Check this out: I think it must be the same for the synchronika.

http://www.profitec-espresso.com/fileadmin/redakteurupload/Produkte/Pro700/PID_Einstellungen/PID_Einstellungen_Pro700_englisch.pdf


----------



## icom102 (Aug 7, 2017)

the settings look a bit different what should i have it at ?


----------



## MediumRoastSteam (Jul 7, 2015)

In the document there are "defaults". I'd just do that. If you are in the UK, you may want to have both boilers working together instead of the brew giving priority to the steam boiler.


----------



## MediumRoastSteam (Jul 7, 2015)

icom102 said:


> the settings look a bit different what should i have it at ?


So, what settings do you have?

I'd not mess about too much. What setting do you have for E1?


----------



## MediumRoastSteam (Jul 7, 2015)

At this stage, just make sure that F.01 is set to C, F.02 is set to 5 (both boilers) and that E1 is set to 14 and E2 is set to 0.


----------



## icom102 (Aug 7, 2017)

All i have is T1 T2 and clean i cant get it to do anything else the 700 must be different from mine


----------



## MediumRoastSteam (Jul 7, 2015)

icom102 said:


> All i have is T1 T2 and clean i cant get it to do anything else the 700 must be different from mine


Did you:

- Turn the machine off;

- While machine is off, hold both + and - together;

- While holding them together, turn the machine on

At least that's how it works for the P-700.

If that's now how it works for the Synchronika, then I can't help you.

PS: I just read on Clive Coffee (American site) and the 700 and your machine are exactly the same for the PID config.

Follow the instructions and you'll get there.


----------



## icom102 (Aug 7, 2017)

No i didnt i will try that tomorrow what temp should the brew boiler be set at?


----------



## MediumRoastSteam (Jul 7, 2015)

icom102 said:


> No i didnt i will try that tomorrow what temp should the brew boiler be set at?


94C is a good start. But make sure those default parameters F.01, F.02, E.1 and E.2 are set correctly as per linked document.


----------



## icom102 (Aug 7, 2017)

i will check tomorrow thanks o what about the steam is 12.4 ok?


----------



## u2jewel (Aug 17, 2017)

Icom congrats on your purchase. I'll be joining your situation very shortly. Exported onTuesday, I'm flying out to HK to collect tomorrow morning!

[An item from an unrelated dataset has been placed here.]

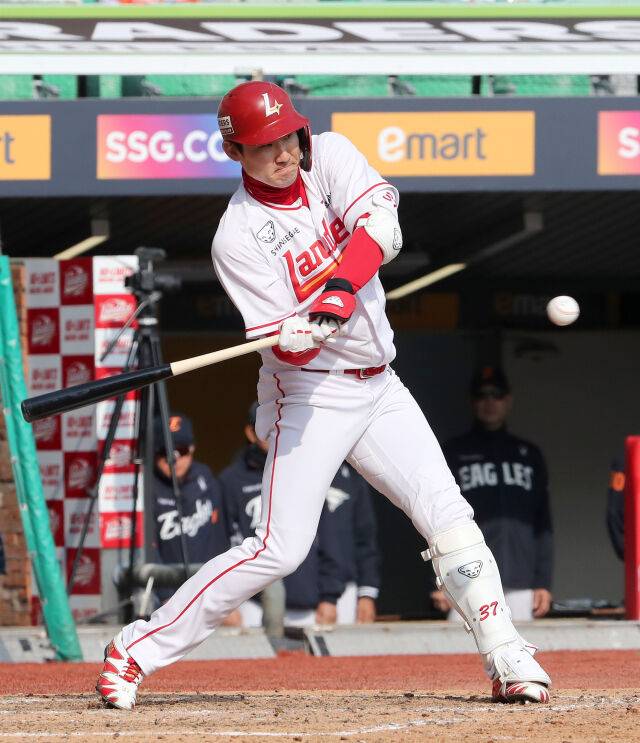 SSG 오태곤./SSG 랜더스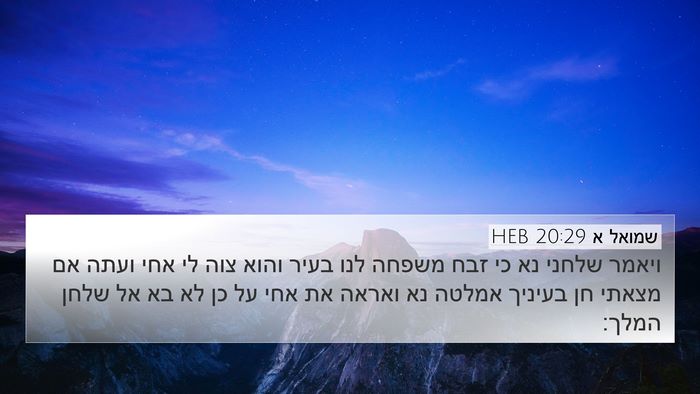 שמואל א 20:29 HEB Bible Verse Image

My Synchronika is also from BB, so let me see what setting my machine comes in. Surely, I'm guessing it's gonna be the same.


----------



## MediumRoastSteam (Jul 7, 2015)

icom102 said:


> i will check tomorrow thanks o what about the steam is 12.4 ok?


Should be good.

The values in E.1 of "14" and E.2 of "0" in the PID setup are the important values here, just to re-iterate, as your brew water temp was too high.


----------



## u2jewel (Aug 17, 2017)

Until now I didn't know you could set brew temp above boiling 

I'll report back once machine is up and running!


----------



## 4085 (Nov 23, 2012)

BB bench test all machines prior to shipping. I would be surprised if they had sent it out incorrectly. If I were you I would ring them first of all before you go blundering about


----------



## u2jewel (Aug 17, 2017)

dfk41 said:


> BB bench test all machines prior to shipping. I would be surprised if they had sent it out incorrectly. If I were you I would ring them first of all before you go blundering about


Good to know. Thanks


----------



## MediumRoastSteam (Jul 7, 2015)

dfk41 said:


> BB bench test all machines prior to shipping. I would be surprised if they had sent it out incorrectly. If I were you I would ring them first of all before you go blundering about


I agree, however there's no harm in checking the parameters before calling them though.


----------



## 4085 (Nov 23, 2012)

MediumRoastSteam said:


> I agree, however there's no harm in checking the parameters before calling them though.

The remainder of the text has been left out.